Acquire Data Through Web Scraping

Whtne the data you need is not accesssible through CSVs, APIs SQL or other types.

At a high level, we'll go about web scraping through this process:

1. Manually explore the site in a web browser, and identify the relevant HTML elements
1. Use the `requests` modelule to obtain the HTML from the page
1. Use `BeautifulSoup` to parse the HTML and obtain te text / data that we want. 
1. Scrip the process of requesting another page and parsing the data from it as well. 
1. Take this data further down the data science pipeline. 

**Steps**

1. Import the `get()` function from the requests modeule, BeautifulSoup from bs4 and pandas. 
1. Assign the address of the web page to a variable named url
1. Request the server the content of the web page by using `get()`, and store the server's response in the variable response. 
1. Print the response text to ensure you have an html page. 
1. Take a look at the actual web page contents and inspect the source to understand the structure a bit
1. Use `BeautifulSoup` to parse the HTML into a variable ('soup')
1. Identify the key tags you need to extract the data you are looking for. 
1. Create a dataframe of the data desired
1. Run some summary stats and inspect the data to ensure you have what you wanted. 
1. Edit the data structure as needed, especially so that one column has all thetext you want included in this analysis
1. Create a corpus of the column with the text you want to analize
1. Store that corpus for use in a future notebook


In [1]:
from requests import get
from bs4 import BeautifulSoup
import os

In [2]:
# We will look at an article from Codeup's blog

url = 'https://codeup.com/codeups-data-science-career-accelerator-is-here/'
headers = {'User-Agent': 'Codeup Bayes Data Science'} # codeup.com doesn't like our default user-agent
response = get(url, headers=headers)

After making the request, we'll perform a quick sanity check to make sure what we are looking at is indeed HTML data.

In [4]:
print(response.text[:400])

<!DOCTYPE html><html lang="en-US"><head ><meta charset="UTF-8" /><meta name="viewport" content="width=device-width, initial-scale=1" /> <script>function fvmuag(){if(navigator.userAgent.match(/x11.*fox\/54|oid\s4.*xus.*ome\/62|oobot|ighth|tmetr|eadles|ingdo/i))return!1;if(navigator.userAgent.match(/x11.*ome\/75\.0\.3770\.100/i)){var e=screen.width,t=screen.height;if("number"==typeof e&&"number"==ty


Now we will take a look at the actual web page contents and inspect the source to understand the structure a bit.
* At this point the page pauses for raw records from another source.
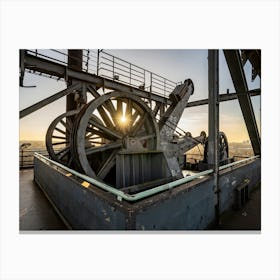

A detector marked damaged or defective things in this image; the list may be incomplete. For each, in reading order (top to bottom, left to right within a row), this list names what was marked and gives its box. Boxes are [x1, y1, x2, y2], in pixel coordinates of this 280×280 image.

rusty metal wheel [71, 92, 160, 182]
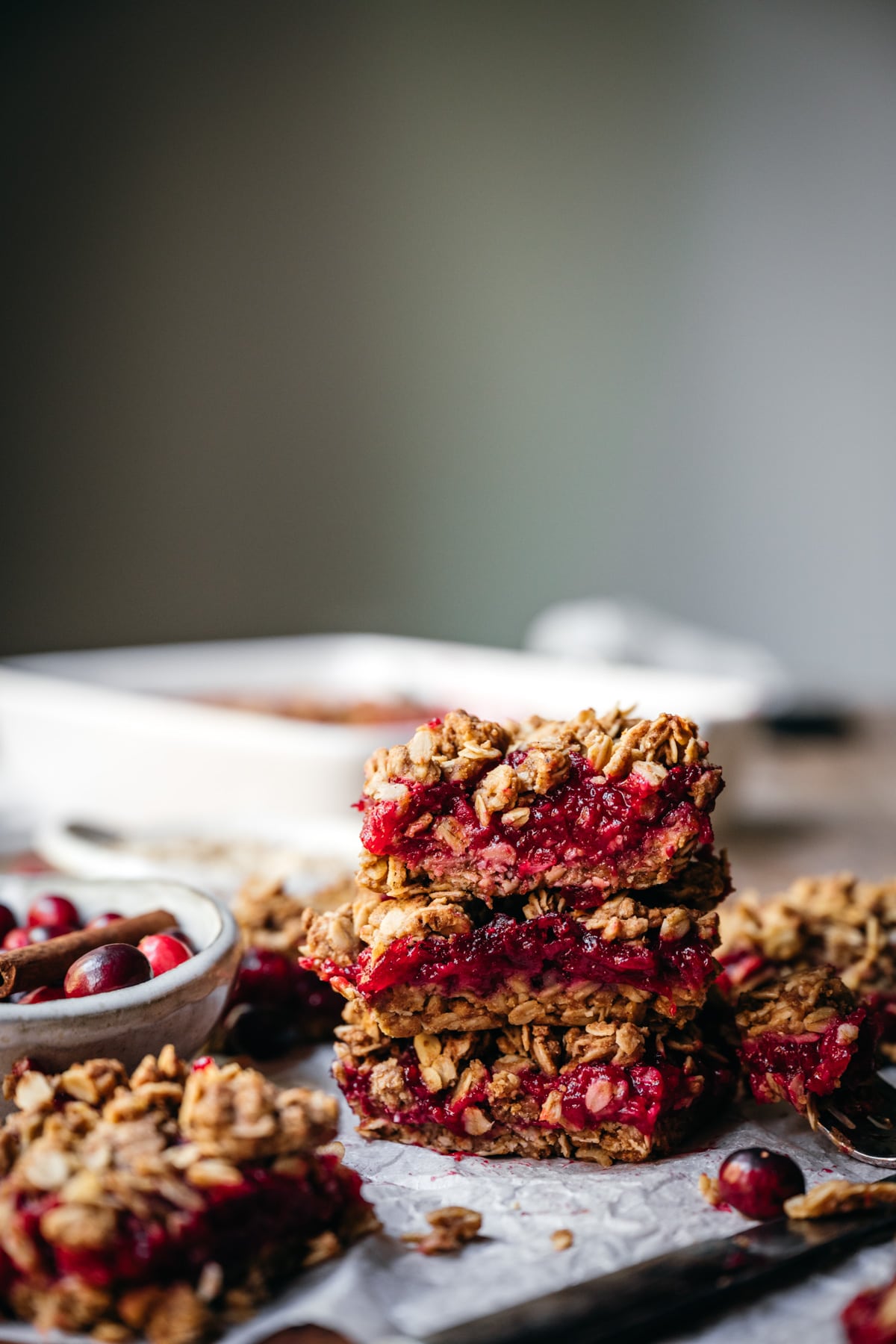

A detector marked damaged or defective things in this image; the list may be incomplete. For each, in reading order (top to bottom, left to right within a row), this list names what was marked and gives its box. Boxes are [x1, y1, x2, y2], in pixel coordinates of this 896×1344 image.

broken piece of bar [354, 704, 720, 903]
broken piece of bar [334, 1005, 735, 1161]
broken piece of bar [735, 968, 876, 1113]
broken piece of bar [0, 1048, 376, 1344]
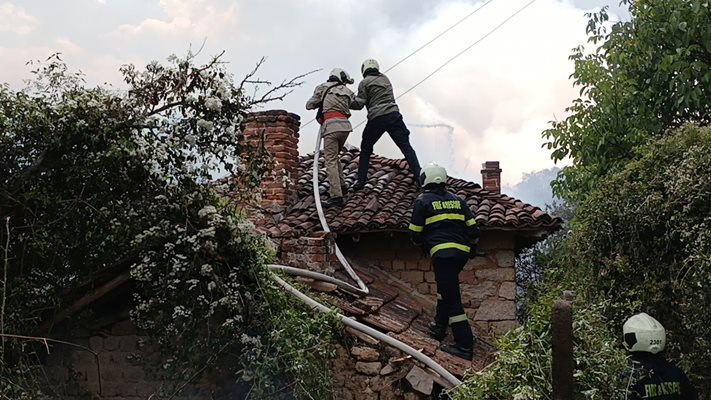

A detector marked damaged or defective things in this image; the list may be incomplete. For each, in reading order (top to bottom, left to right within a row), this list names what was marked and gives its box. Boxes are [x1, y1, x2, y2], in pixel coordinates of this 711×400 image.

damaged roof [260, 148, 560, 239]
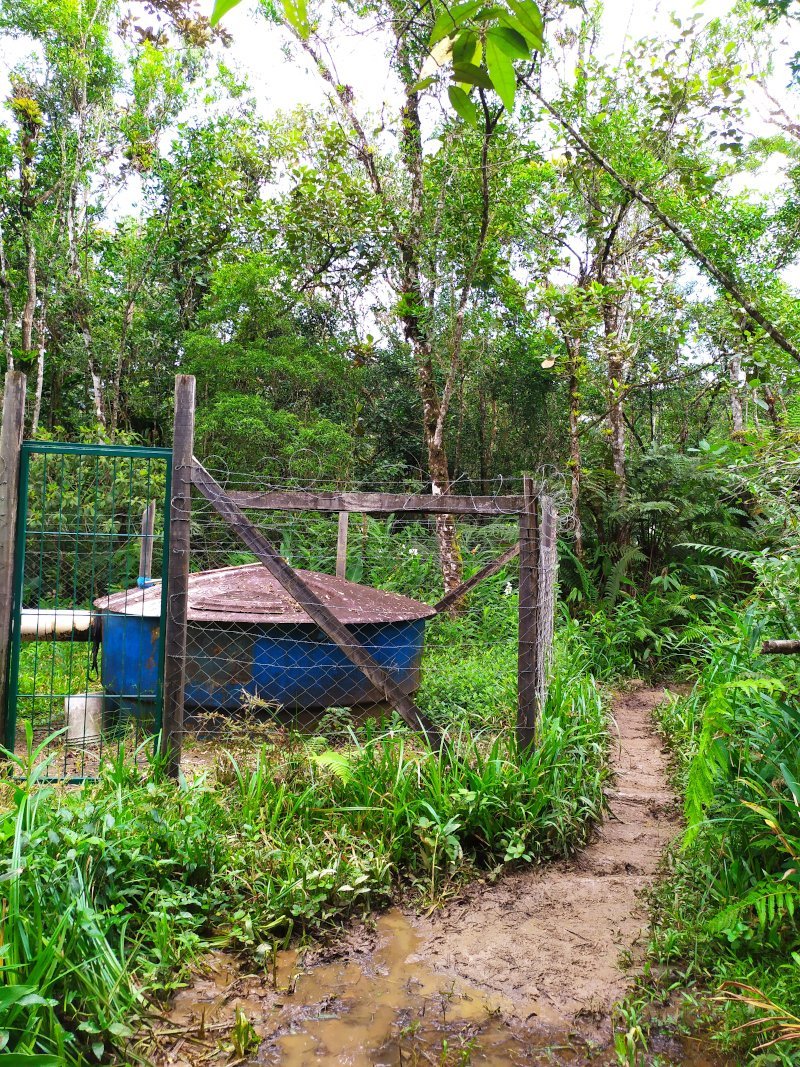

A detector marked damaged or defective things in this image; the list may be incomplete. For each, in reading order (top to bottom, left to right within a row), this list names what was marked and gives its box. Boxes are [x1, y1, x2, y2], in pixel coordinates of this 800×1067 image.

rusty metal tank lid [98, 567, 441, 623]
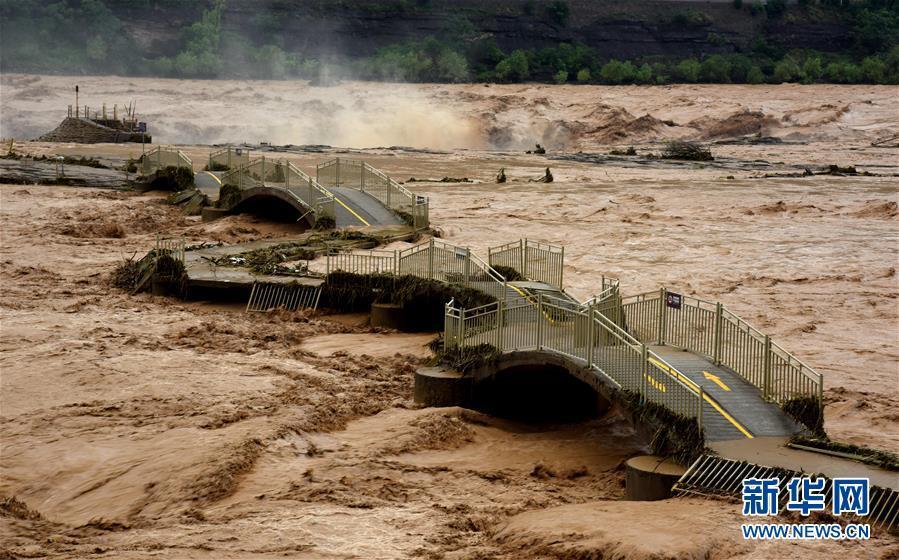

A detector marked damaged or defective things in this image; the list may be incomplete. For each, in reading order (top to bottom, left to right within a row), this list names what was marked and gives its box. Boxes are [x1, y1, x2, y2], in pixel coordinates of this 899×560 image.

broken railing section [140, 147, 192, 175]
bent railing [141, 147, 192, 175]
broken railing section [222, 156, 342, 224]
bent railing [316, 156, 428, 229]
damaged railing [314, 156, 430, 229]
broken railing section [316, 158, 428, 228]
broken railing section [326, 238, 510, 304]
broken railing section [492, 237, 564, 288]
damaged railing [446, 288, 708, 428]
bent railing [446, 290, 708, 426]
broken railing section [442, 290, 712, 430]
bent railing [624, 286, 824, 410]
broken railing section [624, 288, 824, 428]
damaged railing [624, 288, 828, 412]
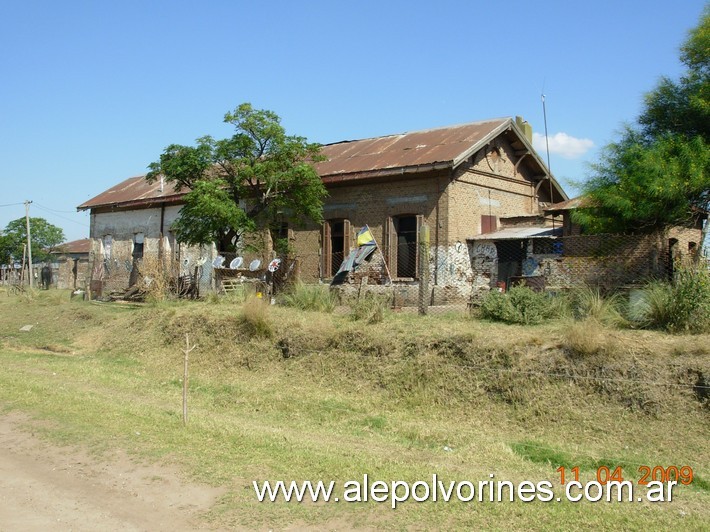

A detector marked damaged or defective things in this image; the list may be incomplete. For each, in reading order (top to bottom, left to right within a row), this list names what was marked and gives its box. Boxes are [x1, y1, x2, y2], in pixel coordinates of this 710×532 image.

As we see from the first line of the response, the server sent us an HTML document. This document describes the overall structure of that web page, along with its specific content (which is what makes that particular page unique).

For the most part, all of the pages from a single website will have the same (or very similar) overall structure. To write our script, we will need to understand the HTML structure of one page, and we will use the browser’s Developer Tools to do that.

command + option + u will let you view the source of a page in chrome.
command + option + i will open up the chrome dev tools page inspector.
Right clicking on specific text in the page and selecting 'inspect' will take you right to the html of that text
In general, we'll be looking for HTML tags, and using a couple properties of those tags to identify the content that we want. Two element properties are important to us:

* `class`: This is a list of the class(es) that are applied to an element, these can be used to target certain elements, but are not guaranteed to be unique.
* `id`: This is a unique identifier for an element on a page.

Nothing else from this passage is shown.